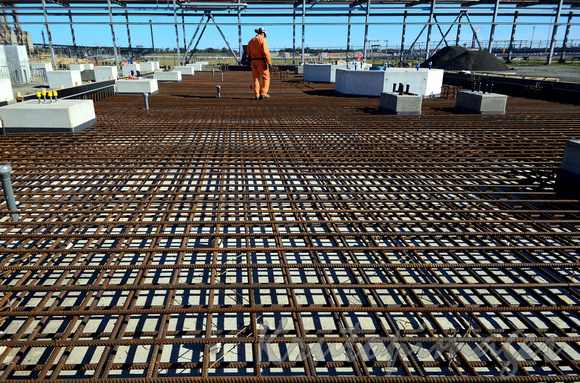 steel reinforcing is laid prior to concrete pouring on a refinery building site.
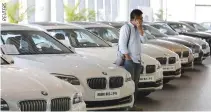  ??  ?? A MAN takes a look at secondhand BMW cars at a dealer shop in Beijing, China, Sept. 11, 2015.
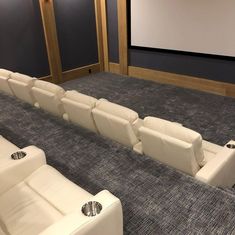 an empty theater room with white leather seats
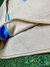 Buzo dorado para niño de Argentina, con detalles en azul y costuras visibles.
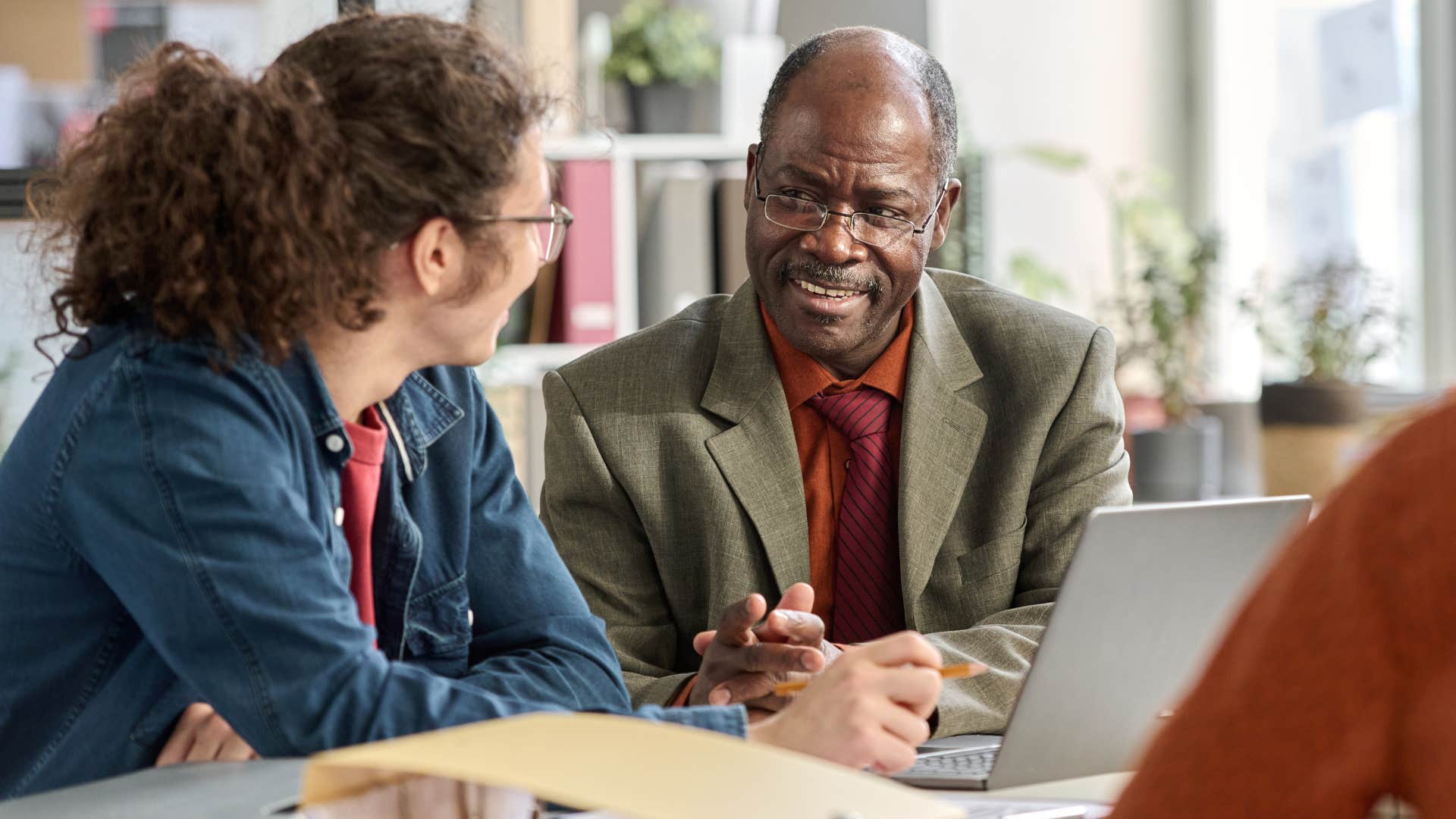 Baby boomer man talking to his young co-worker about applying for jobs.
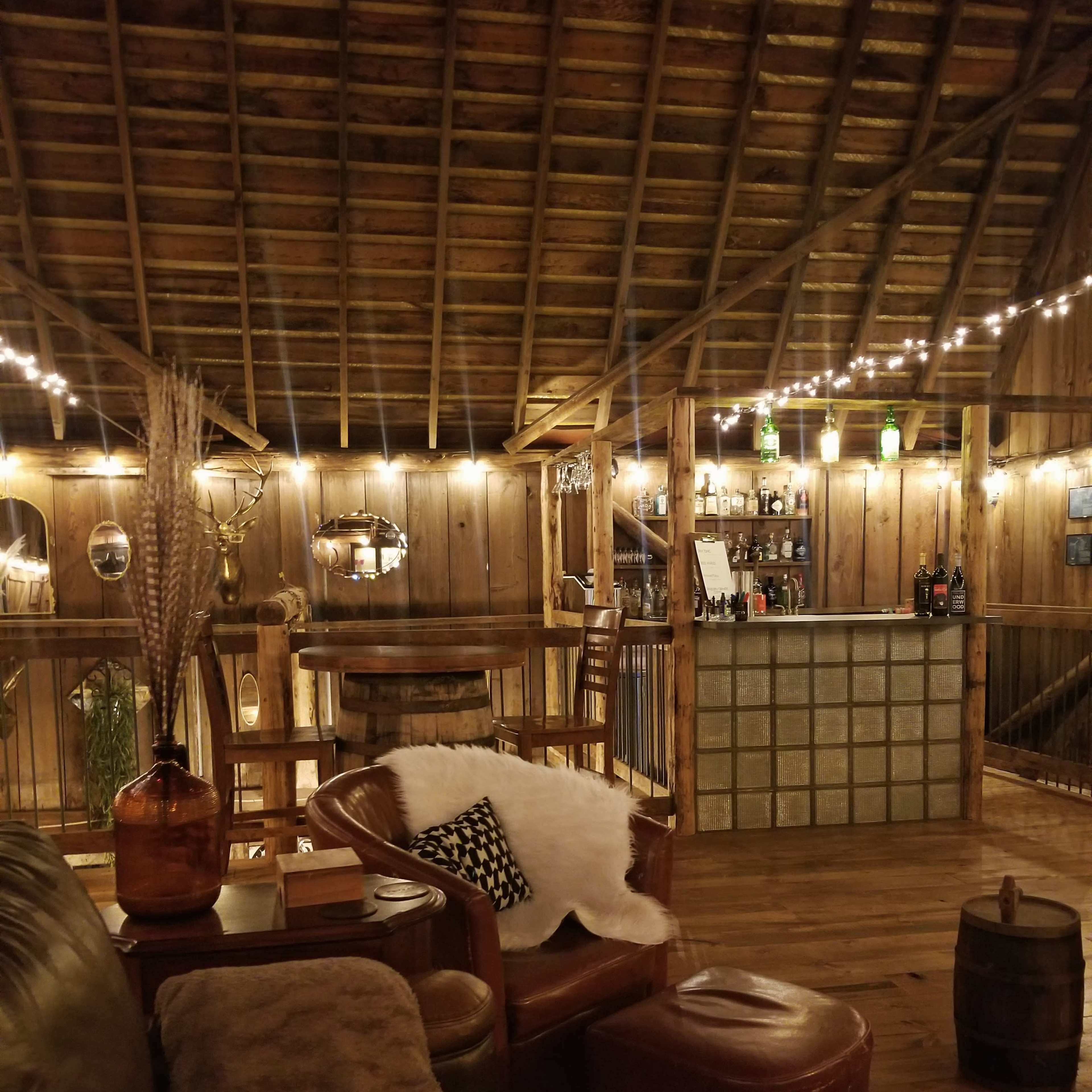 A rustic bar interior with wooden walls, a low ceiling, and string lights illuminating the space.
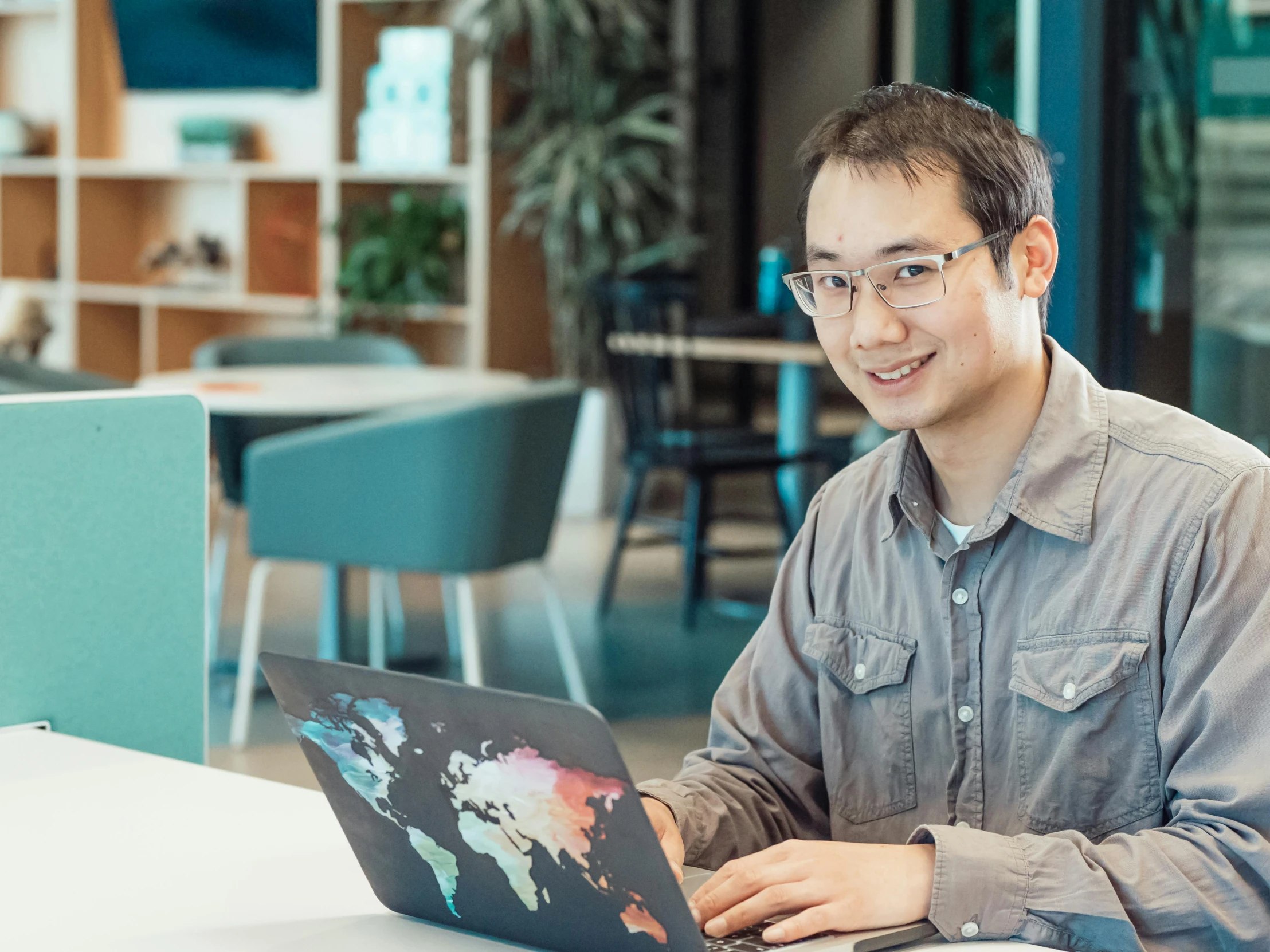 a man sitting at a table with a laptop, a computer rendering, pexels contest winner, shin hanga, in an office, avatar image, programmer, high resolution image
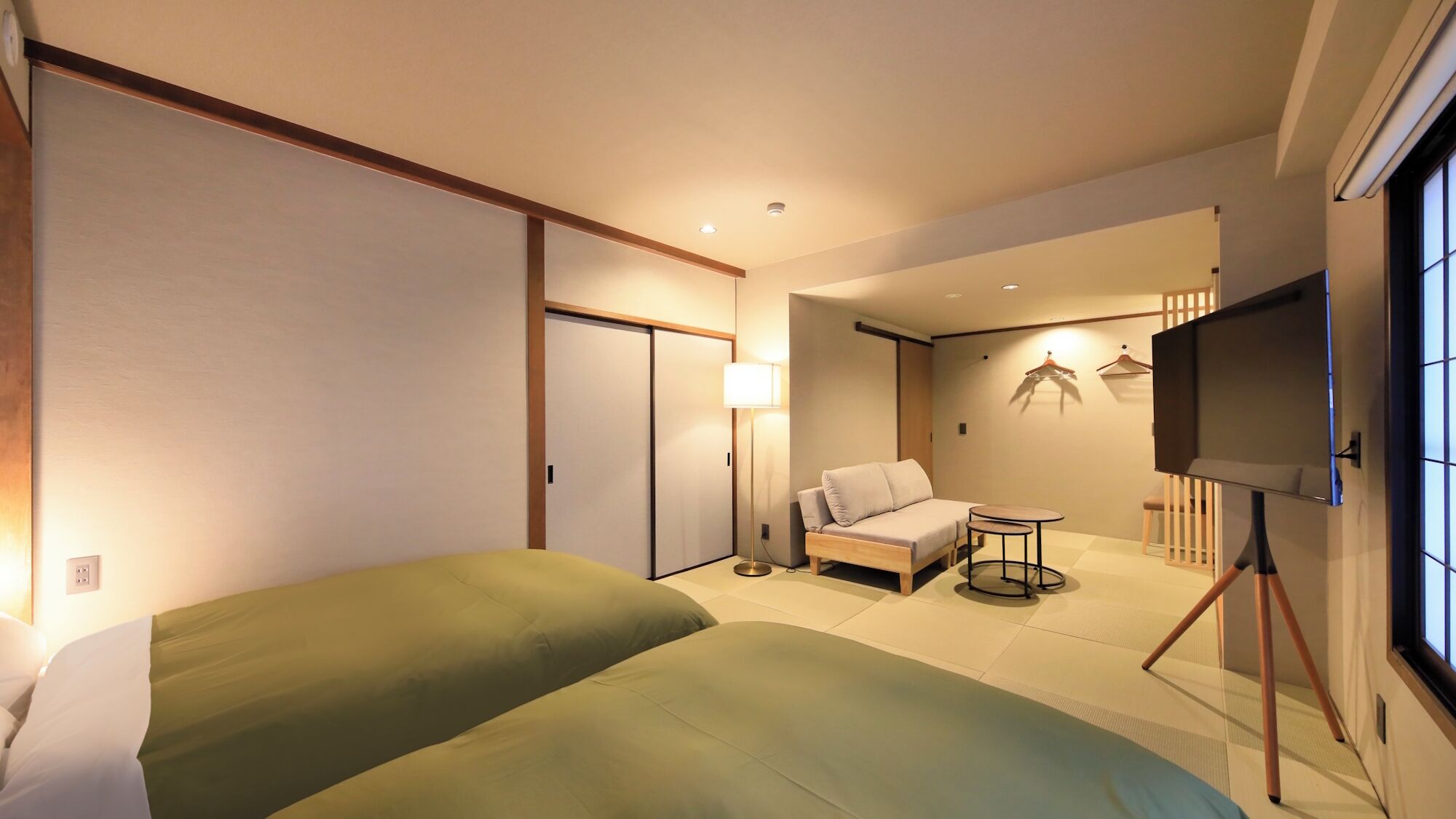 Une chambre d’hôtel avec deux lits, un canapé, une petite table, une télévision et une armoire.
::::
▶ Work instruction
Using the material above, restate word for word the lines from the line that has "A rustic bar" to the last line, inclusive, with pictures omitted.

▶ Expected output
 A rustic bar interior with wooden walls, a low ceiling, and string lights illuminating the space.
 a man sitting at a table with a laptop, a computer rendering, pexels contest winner, shin hanga, in an office, avatar image, programmer, high resolution image
 Une chambre d’hôtel avec deux lits, un canapé, une petite table, une télévision et une armoire.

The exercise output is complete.